Посему совершенно неясно, о чем говорил автор отчета об имевшем место 28 сентября 99-го в клубе “Авторник” вечере Дениса Новикова, отмечая “две разные тенденции внутри поколения (в ту пору тридцатилетних. — И.Ф.): ориентацию на неподцензурный традиционализм и на постшестидесятнический фланг позднесоветской поэзии (недаром с тем же пиететом, с каким Новиков говорит о Лосеве, Быков отзывался о Нонне Слепаковой)”.

Умри, трехсотлетняя русская Муза, ты позорно подцензурна. А о “постшестидесятническом фланге позднесоветской поэзии” сказано и вовсе лихо, поскольку шибко научно и даже военизированно (“фланг”).
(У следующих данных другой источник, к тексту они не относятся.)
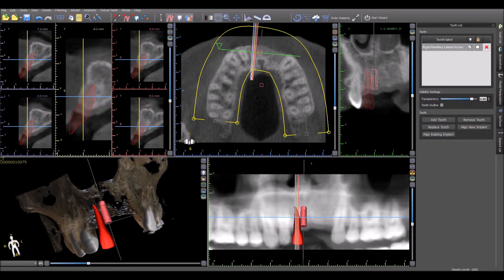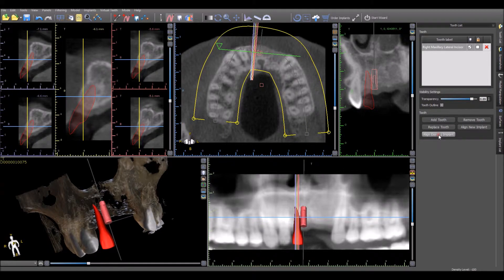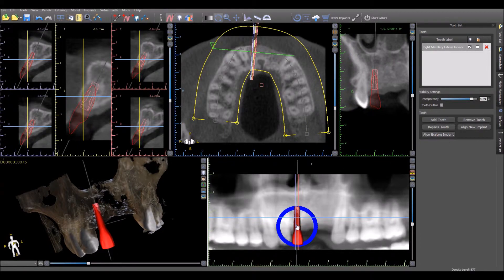If the virtual tooth exists in the treatment plan, as does the implant, and you would like to move the implant to support the virtual tooth automatically, click Align Existing Implant and then click on the implant itself. The implant will now be aligned automatically by the software to support the virtual tooth.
Его нетрудно цитировать наудачу, по строке или по строфе — он афористичен, формулировочен, завершен чуть не в каждой фразе. Однако все-таки его вещи надо бы приводить целиком, они просятся в хрестоматию и наверняка будут там. Наш имморальный интернет поступает удивительно нравственно — дает стихотворения Дениса Новикова целиком, без разрушительных купюр и без комментариев. Или не имеют что сказать? Посмертный обвал упоминаний — в принципе, умеренный — провоцирует на вопрос: а где вы были раньше, ребята? Так ценили, так ценили, а прижизненного отклика — пшик.

Он умер в Иерусалиме 31 декабря 2004 года. “А время до Ерусалима / в лаптях-скороходах бежит / воистину неумолимо, / как разом прозревший мужик”.

А ведь теперь ему сорок. Время бежит.